Jason Wang <jasowang@redhat.com> 于2020年7月17日周五 下午1:39写道:
>
>
> On 2020/7/17 下午12:46, Li Qiang wrote:
> > Jason Wang <jasowang@redhat.com> 于2020年7月17日周五 上午11:10写道:
> >>
> >> On 2020/7/17 上午12:14, Li Qiang wrote:
> >>> Alexander Bulekov reported a UAF bug related e1000e packets send.
> >>>
> >>> -->https://bugs.launchpad.net/qemu/+bug/1886362
> >>>
> >>> This is because the guest trigger a e1000e packet send and set the
> >>> data's address to e1000e's MMIO address. So when the e1000e do DMA
> >>> it will write the MMIO again and trigger re-entrancy and finally
> >>> causes this UAF.
> >>>
> >>> Paolo suggested to use a bottom half whenever MMIO is doing complicate
> >>> things in here:
> >>> -->https://lists.nongnu.org/archive/html/qemu-devel/2020-07/msg03342.html
> >>>
> >>> Reference here:
> >>> 'The easiest solution is to delay processing of descriptors to a bottom
> >>> half whenever MMIO is doing something complicated.  This is also better
> >>> for latency because it will free the vCPU thread more quickly and leave
> >>> the work to the I/O thread.'
> >>
> >> I think several things were missed in this patch (take virtio-net as a
> >> reference), do we need the following things:
> >>
> > Thanks Jason,
> > In fact I know this, I'm scared for touching this but I want to try.
> > Thanks for your advice.
> >
> >> - Cancel the bh when VM is stopped.
> > Ok. I think add a vm state change notifier for e1000e can address this.
> >
> >> - A throttle to prevent bh from executing too much timer?
> > Ok, I think add a config timeout and add a timer in e1000e can address this.
>
>
> Sorry, a typo.
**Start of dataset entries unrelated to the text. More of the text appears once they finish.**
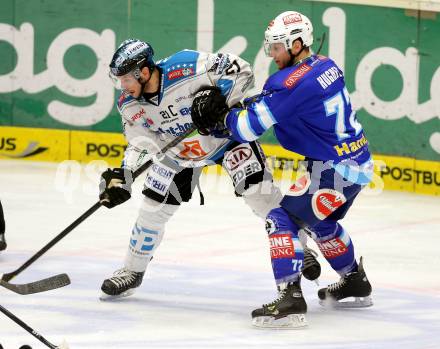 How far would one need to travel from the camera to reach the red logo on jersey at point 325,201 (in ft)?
18.2

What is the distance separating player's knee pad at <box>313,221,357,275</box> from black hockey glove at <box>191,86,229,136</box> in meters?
0.66

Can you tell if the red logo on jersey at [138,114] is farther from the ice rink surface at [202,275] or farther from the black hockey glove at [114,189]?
the ice rink surface at [202,275]

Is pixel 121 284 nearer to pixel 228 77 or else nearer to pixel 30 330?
pixel 228 77

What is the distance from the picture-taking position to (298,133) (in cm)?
559

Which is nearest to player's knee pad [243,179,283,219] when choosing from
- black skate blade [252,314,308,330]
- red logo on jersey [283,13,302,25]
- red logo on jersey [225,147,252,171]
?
red logo on jersey [225,147,252,171]

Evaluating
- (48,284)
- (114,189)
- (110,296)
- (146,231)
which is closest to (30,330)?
(48,284)

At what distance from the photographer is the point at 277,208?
5.61 metres

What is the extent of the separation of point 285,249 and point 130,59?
1.09m

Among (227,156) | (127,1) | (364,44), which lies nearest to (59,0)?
(127,1)

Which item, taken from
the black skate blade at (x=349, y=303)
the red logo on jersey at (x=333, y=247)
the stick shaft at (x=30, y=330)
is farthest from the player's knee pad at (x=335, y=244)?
the stick shaft at (x=30, y=330)

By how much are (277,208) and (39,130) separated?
5.35 metres

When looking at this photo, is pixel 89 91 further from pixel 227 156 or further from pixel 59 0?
pixel 227 156

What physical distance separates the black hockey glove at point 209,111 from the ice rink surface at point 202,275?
→ 0.85 metres

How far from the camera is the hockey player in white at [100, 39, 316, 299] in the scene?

I meant we probably need a tx_burst as what virtio-net did.
>
>
> >
> >> - A flag to record whether or not this a pending tx (and migrate it?)
> > Is just a flag enough? Could you explain more about the idea behind
> > processing the virtio-net/e1000e using bh like this?
>
>
> Virtio-net use a tx_waiting variable to record whether or not there's a
> pending bh. (E.g bh is cancelled due to vmstop, we need reschedule it
> after vmresume). Maybe we can do something simpler by just schecule bh
> unconditionally during vm resuming.
>
>
> > For example, if the guest trigger a lot of packets send and if the bh
> > is scheduled in IO thread. So will we lost packets?
>
>
> We don't since we don't populate virtqueue which means packets are
> queued there.
>

This remind of me a question:
If we use tx_burst like in virtion-net. For detail:
If we sent out  'tx_burst' packets per bh. Then we set 'tx_waiting' and
then schedule another bh. However if between two bh schedule, the guest change
the e1000e register such 'r->dh' 'r->dlen'. The data is fully corrupted.
In fact this issue does exist in my origin patch.  That's
What if following happend:

vcpu thread: guest write e1000e MMIO to trigger packets send
vcpu thread: schedule a bh
vcpu thread: return
IO thread: begin to run the bh and start send packets
vcpu thread: write register again such as  'r->dh' 'r->dlen'..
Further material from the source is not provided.